By Steve Ragan Jul 11, 2007, 15:30 GMT
Sprint recently sent letters to customers advising them that they had until July 30, 2007, to pick a new carrier. The customers who got the letters were picked by Sprint because they were seen as calling support too often. A business has the right to refuse service, but the reasoning behind the actions of Sprint leave some confused and some investors worried.
Sprint is the third largest mobile service carrier in the US. They are a distant third behind Verizon and AT&T, and like AT&T their customer support is often called poor, or at best sketchy. After the Associated Press published the news of the pending letters, several sites online criticized the company for taking their own failures out on customers who are simply calling support for services they have paid for. The total number of customers who will get the kiss-off notice ranges from just under to just over a thousand customers, a relative small number of the total subscriber base.

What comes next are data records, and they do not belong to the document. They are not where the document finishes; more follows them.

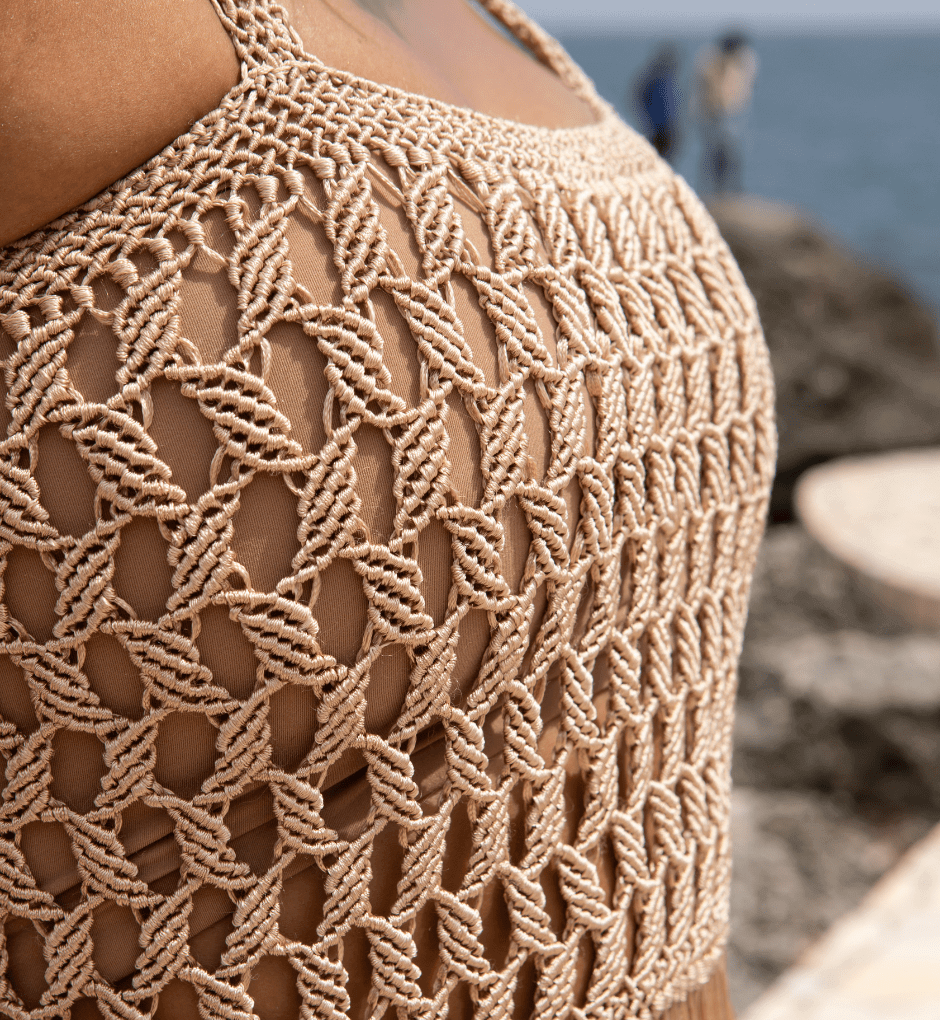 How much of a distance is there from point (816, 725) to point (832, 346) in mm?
2458

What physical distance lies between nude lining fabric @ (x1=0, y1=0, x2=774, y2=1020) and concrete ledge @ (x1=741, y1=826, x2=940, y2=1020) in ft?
6.98

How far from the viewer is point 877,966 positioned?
8.25 feet

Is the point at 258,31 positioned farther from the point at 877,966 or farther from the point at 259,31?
the point at 877,966

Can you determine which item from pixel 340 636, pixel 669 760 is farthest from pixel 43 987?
pixel 669 760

Yesterday, the AP obtained a letter sent to one Sprint customer, “While we have worked to resolve your issues and questions to the best of our ability, the number of inquiries you have made to us during this time had led us to determine that we are unable to meet your current wireless needs,” the letter states. Customers who have gotten the boot will need to change providers before the end of the month in order to keep their cell numbers. Those who are still in contract will not be subjected to the termination fee.
Sprint said that the customers were picked by the company after an internal review of legged support requests. The investigation lasted about six months, and accounts were researched carefully. Sprint spokeswoman Roni Singleton said, “We feel strongly that the decisions we made, we stand by them. These decisions weren't made lightly.” She added that the customers made about forty or fifty calls per month to the customer service department. Most of the calls centered on the same problems, even after the CS department had felt the issue resolved.
“If the average person is calling less than once per month and these people are calling 40 or fifty times more, [which] takes away from customer service,” Singleton said to the AP. “Our priority is to improve the customer experience.”
The AP followed up on that comment and asked Verizon and AT&T their opinions. Both companies said they terminate customer contracts if they are abusive to staff, or violate their terms of service. However, neither company would cancel a customer’s account over calls to support. The other issue Verizon had was the method of notice, the Dear John letter if you will. "We have never severed ties with customers in a mass mailing like this," said Verizon spokeswoman Cheryl Bini Armbrecht.
In recent news, there were reports that Sprint was changing marketing strategy and rolling out new campaigns to attract new customers. How that effort will fare is up to debate online, as the backlash over the account purging settles.
“[The] Stupidity of companies never ceases to amaze me,” said one comment online. Is this a stupid more on the part of Sprint? The issue is that while they went about it in a callous manner, Sprint does have the right to remove customers. “All companies do this. Keeping customers you lose money on is stupid,” points out a comment on Digg. There might be some truth to that, and the effort by Sprint will pay off.